Video released of Huawei executive at Vancouver airport on day of arrest
A video of Huawei executive Meng Wanzhou at Vancouver International Airport on the day of her arrest has been released to the public following an agreement from the Crown and Meng’s defence team.
Following a hearing on Tuesday, both sides agreed to release the footage of Meng’s Dec. 1 arrest at the Vancouver International Airport, along with three partially redacted affidavits and a memorandum argument from the defense.
The airport security footage does not have audio, but Meng can be seen in a blue hoodie while she’s being escorted through the airport. In another part of the video, Canada Border Service agents are seen searching her luggage.
Meng was detained following an extradition request from the U.S., where she faces fraud charges for allegedly violating sanctions with Iran.

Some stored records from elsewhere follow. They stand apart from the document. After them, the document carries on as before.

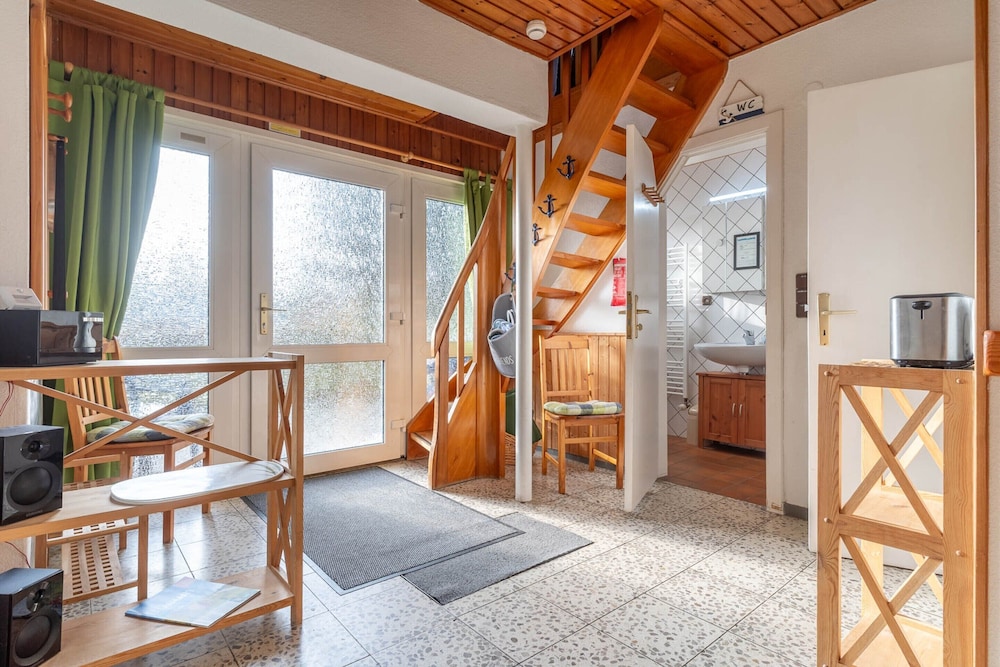 Ferienhaus in Busum, 6 Persons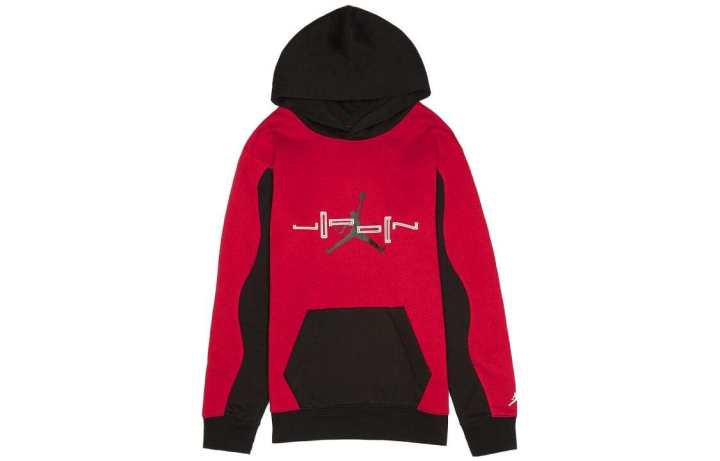 Nike Nike Kids Sweatshirts Hooded Moderate
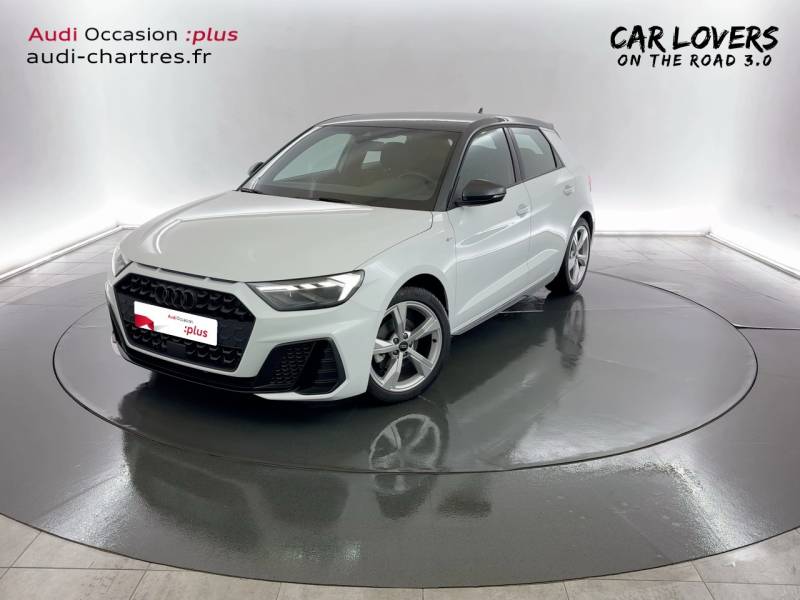 Image de l'annonce principale - Audi A1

None of the allegations against her have been tested in court.
In the documents released Tuesday, Meng’s lawyers contend her arrest is a violation of her Charter rights.
Meng claims she was unlawfully detained for three hours during which officers searched her belongings. She also claims CBSA officers were conducting a "a covert criminal investigation," by telling her they were conducting a routine immigration check while they seized her electronic devices and forced her to give up her passwords.

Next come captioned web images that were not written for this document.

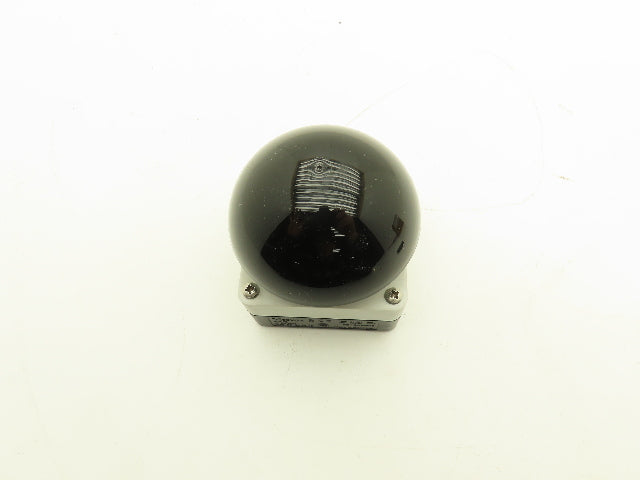 Moeller FAK-S/KC11/I Palm Switch NC Or NO Black Button 3.5" X 3.5" Door Opener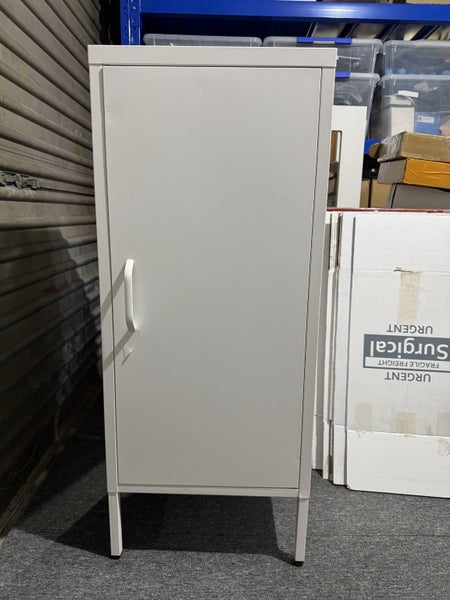 Metal storage cabinet Carousel 4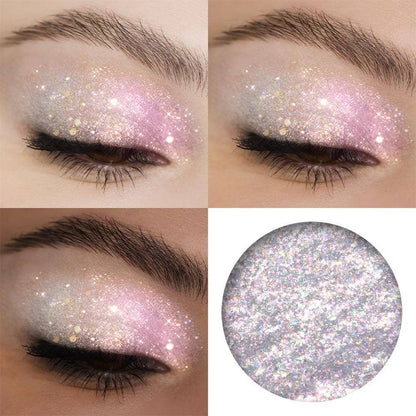 4PCS Chameleon Gel Eyeshadow Set1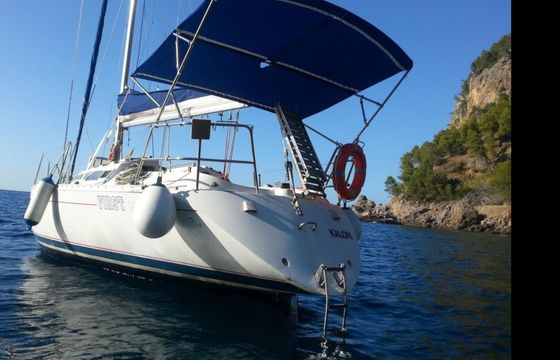 Beneteau First 345 Kalori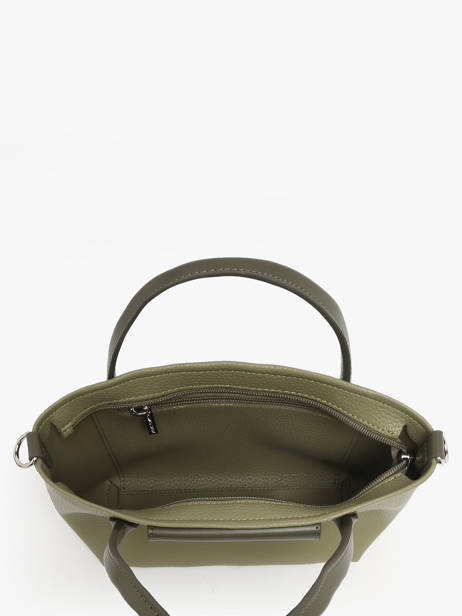 Sac Bandoulière Maya Double Kba Lancaster Vert maya double kba 101 vue secondaire 3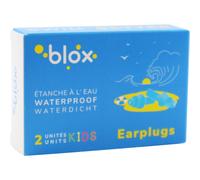 Blox Bouchon Oreille Aquatique Enfant 1 Paire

Meng claims her arrest was an “abuse of process” intended to help the U.S. in an ongoing trade dispute with China. She cites U.S. President Donald Trump’s comments on Dec. 11 in which he said he “would certainly intervene” in the case if it helped secure a trade deal with China.
Meng’s lawyers want the court to issue a stay of the proceedings, but if that doesn’t work, they want the government to hand over all communications between officials in Canada and the U.S. about the case.
Richard Kurland, a Vancouver-based immigration lawyer not involved in the case, told CTV News he believes Meng’s defence team would want the footage of her arrest released to help make the claim that her rights had been violated.
“The defence would like that information circulated because it humanizes the client,” he said. “You can see tears, the shock, the awe of being subjected to intense CBSA questioning for hours.”
Days after Meng’s arrest, Chinese officials detained Canadians Michael Spavor and Michael Kovrig and accused them of espionage. The move is largely considered retaliation for Meng’s arrest.
Tensions between China and Canada have escalated ever since and have spewed into the trade market, with China banning Canadian imports on beef, pork, canola and soybeans.
Meng’s extradition hearing is scheduled for Jan. 20, 2020.